Калинников усмехнулся, представляя себе, как штатники тянут на Памир свои «Першинги». «Интересно, он и впрямь в это верит? – спрашивал себя генерал, слушая убежденную речь Кармаля. – А ты сам?»

– Если Советский Союз хочет спасти коммунистические начинания братского народа, то он направит войска. И не один батальон, не одну дивизию… Но даже всей армии ему не хватит… Не хватит даже армии, если он выступит под знаменами Хафизуллы Амина!

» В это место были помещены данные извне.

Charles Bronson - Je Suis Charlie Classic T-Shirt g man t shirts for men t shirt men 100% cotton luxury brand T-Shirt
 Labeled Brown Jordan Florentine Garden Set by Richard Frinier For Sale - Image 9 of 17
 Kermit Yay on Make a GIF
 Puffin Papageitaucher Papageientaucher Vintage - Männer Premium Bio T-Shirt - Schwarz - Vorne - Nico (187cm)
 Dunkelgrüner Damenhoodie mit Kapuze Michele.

Калинников откинулся в кресле и закрыл глаза. Странная это вещь – власть. Одному – вот этому, например, товарищу – желанна явная власть. А ему самому куда более полной, ценной, представляется власть тайная. Калинников ощущал и радость превосходства, и общий душевный подъем. Все быстрым маршем шло к тому, что именно этому красивому мужчине, этой его «разработке», доведется сыграть важную роль в истории. А значит, и ему, Аркадию Степановичу Калинникову. Это и есть тайная, анонимная власть. Сила упоительная… Только что это будет за история? О чем прочтет его, советского генерала, внук в школьной учебной книге? Собственно человеку Аркадию Степановичу это было не столь уж важно, но генералу Калинникову приходилось задумываться о таких вещах.

– Что бы вы сделали на моем месте, Бабрак? Не свергать же нам Амина? Не предлагать же уйти в отставку? Вот бы обрадовалась контрреволюция!

– Никогда нельзя переходить реку, сжигая за собой последний мост. Хафизулла своими перегибами, своим мелкобуржуазным нутром расколол партию, и теперь врагов, лютых врагов, скрытых недругов, у него там больше, чем сторонников. И не бандиты обрадуются, если его сменит другой лидер, способный успокоить и примирить народ. Не бандиты – простые люди вздохнут спокойнее и шире. Заплутавшие да запутавшиеся сложат оружие. Я ведь тоже пуштун, но Амин… Племенные и родственнические интересы Амин поставил выше интересов страны. Посмотрите, кто теперь заправляет в его окружении! В кабульском подполье две трети людей тут же примкнут к нам, стоит ему уйти. Приведите разумного политика, приведите за собой дальновидных людей, и источник контрреволюции иссякнет сам собой.

– Крамолу говорите, Бабрак. Кто же может сменить нынешнего председателя? – опустил до полушепота свой голос Калинников.

Бабрак быстро вернулся от окна к столу, налил себе еще шнапса. Он казался взволнованным и даже вдохновленным, хотя его собеседник мог голову – нет, не голову, но что-нибудь тоже ценное, к примеру, часы – дать на отсечение, что похожий текст афганец проговаривал про себя уже не раз.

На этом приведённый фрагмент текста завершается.